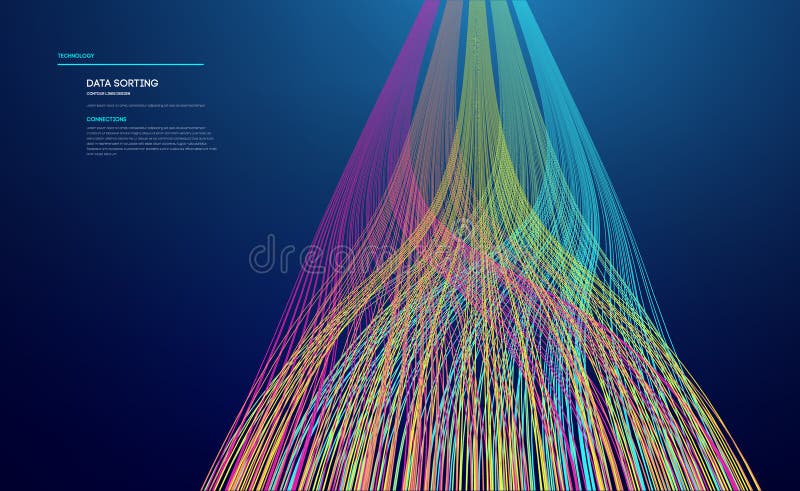 Date pentru sortarea liniilor colorate. ilustrare tehnologie flux de date vector illustration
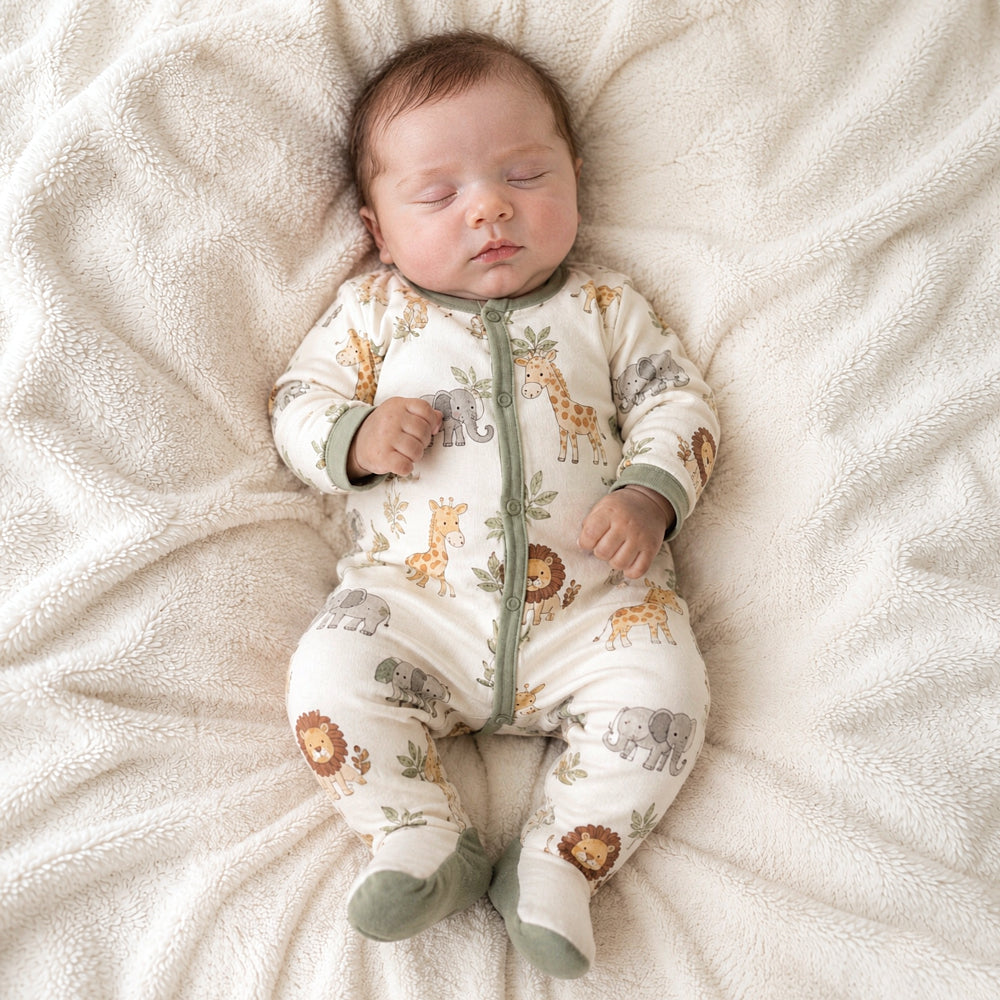 Cozy Animal Print Long Sleeve Baby Daily Jumpsuit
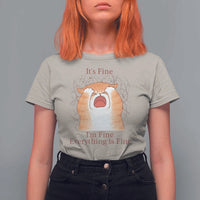 Its Fine I am Fine Everything is Fine Funny Cat Lover T Shirt For Women - Wonder Print Shop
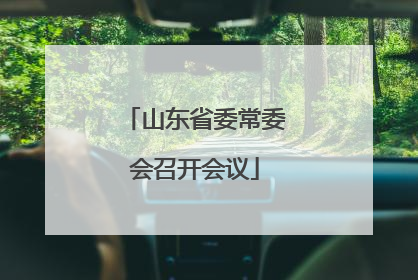 山东省委常委会召开会议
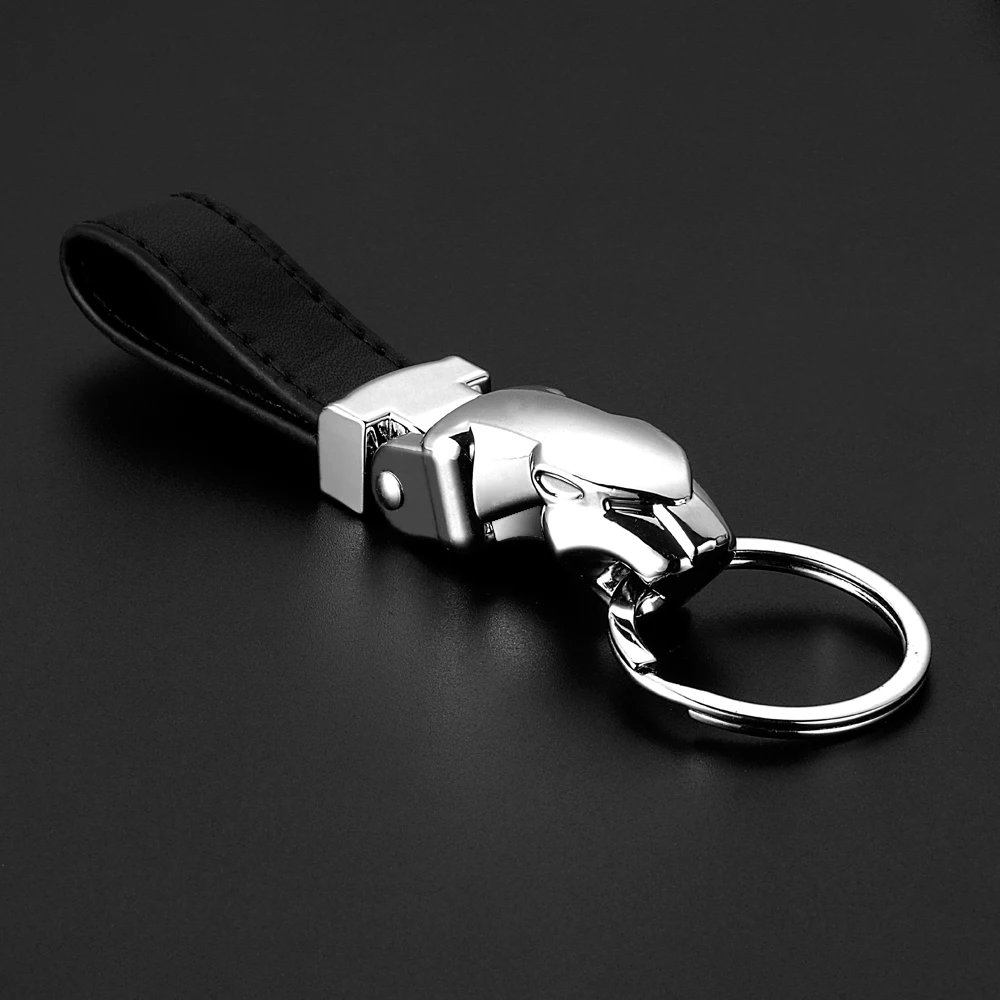 Popular Men Metal Leopard Head Key Ring Chain For Collection Car Leather Key Fob 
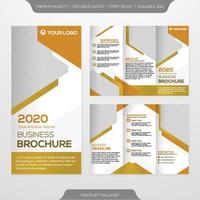 trifold brochure template design with modern style and minimalist layout concept vector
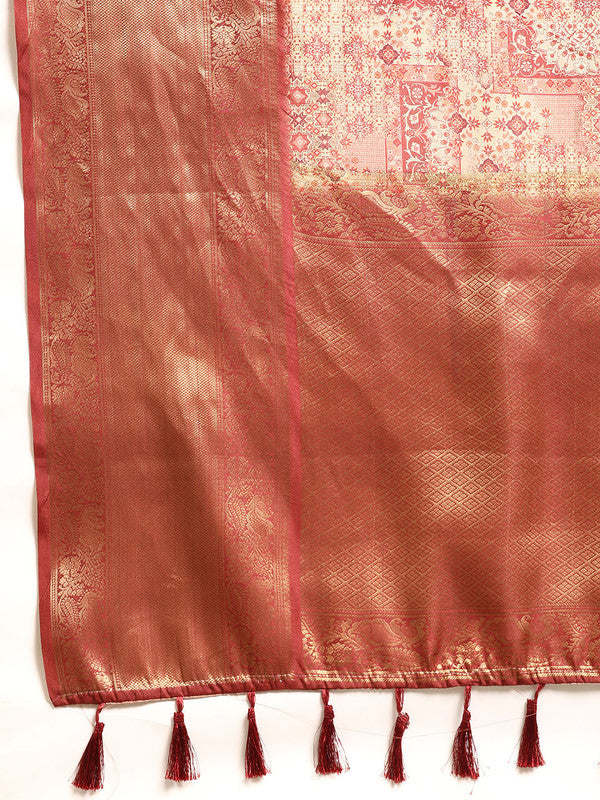 Maroon Kanchipuram Silk Digital Print Abstract Saree with Unstitched Blouse - Hiral Fashion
-=-=-
WHAT IS BEING ASKED:
In the records above, everything from the line with "Its Fine I am" down to the line with "trifold brochure template" is to be set down exactly, both ends included, with no pictures and no other lines.

WORKED SOLUTION:
 Its Fine I am Fine Everything is Fine Funny Cat Lover T Shirt For Women - Wonder Print Shop
 山东省委常委会召开会议
 Popular Men Metal Leopard Head Key Ring Chain For Collection Car Leather Key Fob 
 trifold brochure template design with modern style and minimalist layout concept vector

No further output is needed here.